Nicolas Zart    November 12, 2012 - 11:54AM

In reply to by Priyanka_Shekhawat (not verified)

Agreed, raising people's hope in an unrealistic way doesn't do much to establish electric cars and their hybrid cousins on the market. In fact, it does the opposite, hence my hint at the old business ways of raising people's expectation won't work well anymore, especially as they are let down.

It's almost impossible to predict the future, given the fluctuating nature of economies, the unpredictable burst of battery technology breakthroughs and other global phenomena. The most likely scenario is that we'll see more and more hybrids. Plug-in hybrids will be bought by tech savvy people and those who can afford them, understanding well their daily routines and maximizing their electric miles. Finally, the pure electric cars market share will grow over the years as more and more people make sense of them, especially in affluent urban areas.
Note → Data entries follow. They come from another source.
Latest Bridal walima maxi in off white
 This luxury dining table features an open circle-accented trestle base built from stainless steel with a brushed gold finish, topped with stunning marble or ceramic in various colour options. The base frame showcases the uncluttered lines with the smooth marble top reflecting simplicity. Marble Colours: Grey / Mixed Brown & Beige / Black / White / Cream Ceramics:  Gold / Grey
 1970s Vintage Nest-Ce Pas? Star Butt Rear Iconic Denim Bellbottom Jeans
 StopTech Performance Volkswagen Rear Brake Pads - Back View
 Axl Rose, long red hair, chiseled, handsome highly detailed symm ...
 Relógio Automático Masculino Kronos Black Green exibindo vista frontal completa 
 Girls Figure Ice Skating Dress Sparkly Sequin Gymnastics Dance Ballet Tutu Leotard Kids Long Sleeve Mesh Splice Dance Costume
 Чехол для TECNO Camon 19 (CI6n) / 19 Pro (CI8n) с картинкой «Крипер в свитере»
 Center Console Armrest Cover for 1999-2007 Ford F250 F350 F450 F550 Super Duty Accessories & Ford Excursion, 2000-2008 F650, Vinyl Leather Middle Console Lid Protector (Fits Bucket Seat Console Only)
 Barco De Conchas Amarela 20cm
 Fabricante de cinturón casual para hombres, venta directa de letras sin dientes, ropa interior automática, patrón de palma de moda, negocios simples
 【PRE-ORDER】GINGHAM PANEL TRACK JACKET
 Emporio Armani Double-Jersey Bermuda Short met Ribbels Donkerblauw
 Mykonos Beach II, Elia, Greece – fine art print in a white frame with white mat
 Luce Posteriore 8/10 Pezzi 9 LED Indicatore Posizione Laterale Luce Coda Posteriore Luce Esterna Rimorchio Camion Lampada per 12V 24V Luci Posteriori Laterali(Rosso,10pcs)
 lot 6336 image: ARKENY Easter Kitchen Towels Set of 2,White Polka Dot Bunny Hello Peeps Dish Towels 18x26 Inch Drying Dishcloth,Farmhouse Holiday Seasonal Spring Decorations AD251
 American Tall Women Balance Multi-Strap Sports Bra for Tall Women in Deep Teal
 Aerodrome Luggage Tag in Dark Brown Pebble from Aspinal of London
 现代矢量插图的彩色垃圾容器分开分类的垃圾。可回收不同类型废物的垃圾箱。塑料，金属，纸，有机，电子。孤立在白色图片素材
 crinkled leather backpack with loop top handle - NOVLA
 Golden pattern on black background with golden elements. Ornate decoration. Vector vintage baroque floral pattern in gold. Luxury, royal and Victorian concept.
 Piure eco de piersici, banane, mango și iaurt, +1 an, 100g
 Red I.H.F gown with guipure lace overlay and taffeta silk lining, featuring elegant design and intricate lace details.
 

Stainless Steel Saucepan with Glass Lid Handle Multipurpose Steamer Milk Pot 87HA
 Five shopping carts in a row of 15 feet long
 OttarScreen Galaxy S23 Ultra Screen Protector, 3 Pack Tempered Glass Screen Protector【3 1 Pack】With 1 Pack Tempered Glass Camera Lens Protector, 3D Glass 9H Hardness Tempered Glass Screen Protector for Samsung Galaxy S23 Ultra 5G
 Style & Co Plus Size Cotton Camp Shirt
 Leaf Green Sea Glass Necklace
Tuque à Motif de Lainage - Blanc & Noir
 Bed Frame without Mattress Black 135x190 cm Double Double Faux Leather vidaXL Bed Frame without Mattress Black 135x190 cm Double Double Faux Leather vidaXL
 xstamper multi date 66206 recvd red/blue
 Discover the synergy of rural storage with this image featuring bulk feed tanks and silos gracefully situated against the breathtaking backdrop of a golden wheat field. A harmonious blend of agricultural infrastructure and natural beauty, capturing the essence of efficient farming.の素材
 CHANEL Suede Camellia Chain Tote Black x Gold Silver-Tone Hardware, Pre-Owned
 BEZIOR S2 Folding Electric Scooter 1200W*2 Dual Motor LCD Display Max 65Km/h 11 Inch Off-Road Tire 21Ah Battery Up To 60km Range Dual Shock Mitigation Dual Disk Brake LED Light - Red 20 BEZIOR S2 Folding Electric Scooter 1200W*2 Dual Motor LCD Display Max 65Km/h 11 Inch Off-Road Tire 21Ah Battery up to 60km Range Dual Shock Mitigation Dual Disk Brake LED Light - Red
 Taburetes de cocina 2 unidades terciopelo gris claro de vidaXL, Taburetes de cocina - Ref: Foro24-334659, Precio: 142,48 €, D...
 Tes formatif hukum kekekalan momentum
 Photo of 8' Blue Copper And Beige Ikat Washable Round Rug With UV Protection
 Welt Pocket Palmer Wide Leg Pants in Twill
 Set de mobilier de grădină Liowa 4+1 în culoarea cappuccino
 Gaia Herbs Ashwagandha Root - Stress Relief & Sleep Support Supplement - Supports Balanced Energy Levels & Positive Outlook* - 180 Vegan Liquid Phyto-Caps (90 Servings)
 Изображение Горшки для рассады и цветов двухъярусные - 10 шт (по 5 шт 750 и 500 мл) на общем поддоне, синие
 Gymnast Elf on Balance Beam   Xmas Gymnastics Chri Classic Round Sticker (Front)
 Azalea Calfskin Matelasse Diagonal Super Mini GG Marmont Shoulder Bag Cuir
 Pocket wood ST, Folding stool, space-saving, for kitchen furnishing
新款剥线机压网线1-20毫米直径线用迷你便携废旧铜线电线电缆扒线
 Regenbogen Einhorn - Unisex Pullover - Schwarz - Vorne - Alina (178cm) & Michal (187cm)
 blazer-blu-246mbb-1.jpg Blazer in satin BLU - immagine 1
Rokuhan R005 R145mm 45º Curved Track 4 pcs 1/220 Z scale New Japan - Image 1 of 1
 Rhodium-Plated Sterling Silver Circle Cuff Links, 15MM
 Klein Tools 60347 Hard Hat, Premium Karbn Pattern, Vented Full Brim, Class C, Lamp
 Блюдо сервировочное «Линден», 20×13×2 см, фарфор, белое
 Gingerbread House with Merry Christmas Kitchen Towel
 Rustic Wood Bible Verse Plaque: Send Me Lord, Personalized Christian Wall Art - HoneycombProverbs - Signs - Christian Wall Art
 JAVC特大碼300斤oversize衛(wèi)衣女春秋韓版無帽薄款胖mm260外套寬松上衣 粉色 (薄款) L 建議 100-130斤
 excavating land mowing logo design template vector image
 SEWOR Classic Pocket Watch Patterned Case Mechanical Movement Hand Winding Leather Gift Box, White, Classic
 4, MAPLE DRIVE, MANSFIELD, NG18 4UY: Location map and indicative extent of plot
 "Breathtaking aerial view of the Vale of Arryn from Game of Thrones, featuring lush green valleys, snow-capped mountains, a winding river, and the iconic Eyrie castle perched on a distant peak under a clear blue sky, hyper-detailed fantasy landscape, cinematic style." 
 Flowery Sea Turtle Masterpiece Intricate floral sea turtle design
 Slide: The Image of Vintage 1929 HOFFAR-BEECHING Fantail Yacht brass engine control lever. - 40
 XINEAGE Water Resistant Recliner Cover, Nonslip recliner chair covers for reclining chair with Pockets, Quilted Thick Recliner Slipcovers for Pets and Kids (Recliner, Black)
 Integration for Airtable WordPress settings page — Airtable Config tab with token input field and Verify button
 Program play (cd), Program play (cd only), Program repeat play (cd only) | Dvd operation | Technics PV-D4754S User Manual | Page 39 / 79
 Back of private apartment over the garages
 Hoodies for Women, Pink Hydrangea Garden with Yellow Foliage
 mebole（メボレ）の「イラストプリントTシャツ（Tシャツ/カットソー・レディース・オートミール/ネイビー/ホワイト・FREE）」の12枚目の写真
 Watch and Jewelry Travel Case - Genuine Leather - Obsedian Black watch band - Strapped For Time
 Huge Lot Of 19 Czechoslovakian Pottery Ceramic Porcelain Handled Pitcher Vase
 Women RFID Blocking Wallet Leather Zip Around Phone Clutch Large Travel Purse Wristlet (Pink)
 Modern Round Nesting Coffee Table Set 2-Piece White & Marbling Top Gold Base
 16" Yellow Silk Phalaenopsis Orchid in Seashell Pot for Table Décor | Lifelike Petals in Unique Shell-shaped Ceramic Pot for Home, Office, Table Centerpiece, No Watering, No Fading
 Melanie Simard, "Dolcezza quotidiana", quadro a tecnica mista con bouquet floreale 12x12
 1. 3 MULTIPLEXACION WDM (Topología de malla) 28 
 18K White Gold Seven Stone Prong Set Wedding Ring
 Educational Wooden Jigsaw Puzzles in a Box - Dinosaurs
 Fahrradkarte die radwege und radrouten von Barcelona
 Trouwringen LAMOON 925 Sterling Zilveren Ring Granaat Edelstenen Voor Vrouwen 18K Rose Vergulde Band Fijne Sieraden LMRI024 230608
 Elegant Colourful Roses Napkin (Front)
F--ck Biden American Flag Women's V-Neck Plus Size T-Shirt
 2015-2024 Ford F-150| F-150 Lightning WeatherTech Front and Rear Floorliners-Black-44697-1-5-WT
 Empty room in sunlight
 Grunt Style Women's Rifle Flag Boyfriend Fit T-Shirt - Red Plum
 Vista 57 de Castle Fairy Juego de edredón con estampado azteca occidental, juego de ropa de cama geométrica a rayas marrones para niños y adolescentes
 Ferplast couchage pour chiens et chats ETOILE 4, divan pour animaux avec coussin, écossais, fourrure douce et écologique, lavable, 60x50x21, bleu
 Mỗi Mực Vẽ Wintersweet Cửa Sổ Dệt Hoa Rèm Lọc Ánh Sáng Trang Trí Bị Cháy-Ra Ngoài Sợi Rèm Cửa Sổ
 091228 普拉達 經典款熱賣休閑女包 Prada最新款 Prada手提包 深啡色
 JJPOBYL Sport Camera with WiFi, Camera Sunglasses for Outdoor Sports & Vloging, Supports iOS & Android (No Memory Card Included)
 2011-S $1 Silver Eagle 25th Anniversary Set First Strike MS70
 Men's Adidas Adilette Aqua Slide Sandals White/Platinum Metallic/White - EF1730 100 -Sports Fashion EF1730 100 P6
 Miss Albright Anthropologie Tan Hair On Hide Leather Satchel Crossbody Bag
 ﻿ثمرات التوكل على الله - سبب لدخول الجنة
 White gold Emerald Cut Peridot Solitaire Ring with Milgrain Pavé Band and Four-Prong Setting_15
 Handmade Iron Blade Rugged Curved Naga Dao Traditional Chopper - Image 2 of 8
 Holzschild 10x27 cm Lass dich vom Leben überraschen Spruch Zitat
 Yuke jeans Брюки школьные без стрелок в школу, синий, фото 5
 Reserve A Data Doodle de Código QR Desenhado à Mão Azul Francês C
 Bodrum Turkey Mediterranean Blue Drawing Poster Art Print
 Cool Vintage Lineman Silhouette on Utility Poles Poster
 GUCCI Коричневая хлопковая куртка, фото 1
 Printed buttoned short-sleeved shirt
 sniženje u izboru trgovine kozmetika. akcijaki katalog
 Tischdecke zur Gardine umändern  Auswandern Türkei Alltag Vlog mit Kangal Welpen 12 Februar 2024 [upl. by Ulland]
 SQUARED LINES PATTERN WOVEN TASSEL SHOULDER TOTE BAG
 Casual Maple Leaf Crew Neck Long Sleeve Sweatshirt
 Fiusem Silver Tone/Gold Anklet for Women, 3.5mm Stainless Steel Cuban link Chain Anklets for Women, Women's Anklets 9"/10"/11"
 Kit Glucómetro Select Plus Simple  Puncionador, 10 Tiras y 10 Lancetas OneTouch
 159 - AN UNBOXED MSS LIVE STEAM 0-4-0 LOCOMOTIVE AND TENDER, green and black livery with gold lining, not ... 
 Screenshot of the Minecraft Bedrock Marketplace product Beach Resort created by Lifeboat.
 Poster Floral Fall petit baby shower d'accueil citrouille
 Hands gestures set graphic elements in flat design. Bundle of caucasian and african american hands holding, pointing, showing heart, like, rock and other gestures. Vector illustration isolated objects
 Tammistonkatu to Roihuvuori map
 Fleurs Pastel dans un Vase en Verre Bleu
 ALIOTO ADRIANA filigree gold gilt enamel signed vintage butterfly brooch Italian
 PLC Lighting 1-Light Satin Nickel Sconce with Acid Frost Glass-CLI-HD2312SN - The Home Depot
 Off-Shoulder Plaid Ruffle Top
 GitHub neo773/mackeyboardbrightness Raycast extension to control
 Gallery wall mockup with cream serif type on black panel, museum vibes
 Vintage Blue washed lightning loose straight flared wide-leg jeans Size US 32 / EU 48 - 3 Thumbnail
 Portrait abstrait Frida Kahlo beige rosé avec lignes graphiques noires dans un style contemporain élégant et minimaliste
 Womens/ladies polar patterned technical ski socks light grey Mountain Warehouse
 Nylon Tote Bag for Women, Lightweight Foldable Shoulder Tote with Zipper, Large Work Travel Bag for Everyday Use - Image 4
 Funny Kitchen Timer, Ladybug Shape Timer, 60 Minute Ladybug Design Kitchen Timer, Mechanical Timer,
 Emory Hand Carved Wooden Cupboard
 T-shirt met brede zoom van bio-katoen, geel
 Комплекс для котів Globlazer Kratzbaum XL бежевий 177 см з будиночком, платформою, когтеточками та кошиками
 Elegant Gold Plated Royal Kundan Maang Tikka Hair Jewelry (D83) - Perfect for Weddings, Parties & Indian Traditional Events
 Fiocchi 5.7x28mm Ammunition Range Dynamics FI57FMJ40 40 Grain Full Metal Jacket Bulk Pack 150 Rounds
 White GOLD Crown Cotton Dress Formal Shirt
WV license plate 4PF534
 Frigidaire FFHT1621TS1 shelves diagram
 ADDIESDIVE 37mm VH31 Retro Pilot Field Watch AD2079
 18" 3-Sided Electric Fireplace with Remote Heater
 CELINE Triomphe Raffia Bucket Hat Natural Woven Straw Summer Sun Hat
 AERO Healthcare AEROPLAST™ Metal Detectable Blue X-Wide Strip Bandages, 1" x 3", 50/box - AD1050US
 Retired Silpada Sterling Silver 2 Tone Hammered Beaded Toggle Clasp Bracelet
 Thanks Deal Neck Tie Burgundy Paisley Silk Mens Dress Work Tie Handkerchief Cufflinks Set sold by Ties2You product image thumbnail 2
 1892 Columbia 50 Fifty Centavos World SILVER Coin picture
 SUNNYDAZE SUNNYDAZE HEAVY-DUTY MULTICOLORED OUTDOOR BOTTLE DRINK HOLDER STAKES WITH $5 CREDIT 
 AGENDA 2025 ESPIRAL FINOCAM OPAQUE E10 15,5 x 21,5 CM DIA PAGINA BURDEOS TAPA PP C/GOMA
Add to this the continual declining price of lithium batteries and that seems the mostly likely scenario over the next 10 years.

Anonymous (not verified)    November 12, 2012 - 2:38PM

Pike Research came up with slightly different figures in their EV Geographical Forecast for North America. From their Executive Summary:

"Overall, sales of PEVs in the United States are expected to grow at a compound annual growth
rate (CAGR) of 30% between 2012 and 2020, reaching a nationwide total of 400,073 vehicles in
2020. Based on these geographic forecast models and a qualitative assessment of the
mathematical results, Pike Research forecasts that California, New York, Florida, and Texas
will likely lead the way in PEV sales with 442,895, 196,069, 112,795, and 109,391 cumulative
vehicle sales between 2012 and 2020, respectively. By 2020, Hawaii is expected to have the
highest concentration of PEVs; 12.3% of total Hawaii vehicle sales will be PEVs. The vehicles
will represent the following percentages of total new vehicle sales in these states by 2020: 4.5%
in California, 3.5% in New York, 1.9% in Florida, and 1.4% in Texas.

Nationally, 2.1% of total vehicle sales are expected to be PEVs in the same year."

Nicolas Zart    November 13, 2012 - 3:42PM

In reply to by Anonymous (not verified)

Yes I saw it and liked it even more. I like Pike Research and basically anything that gets away from the overly emotional reaction people have with EVs and PHEVs.

30% of where we are today is above Siegel's prediction and fits me well also. Whether we are 1% to 1.5 to 2.1, it's still more choice for us which is more than I can say about the lack of we had these past few decades.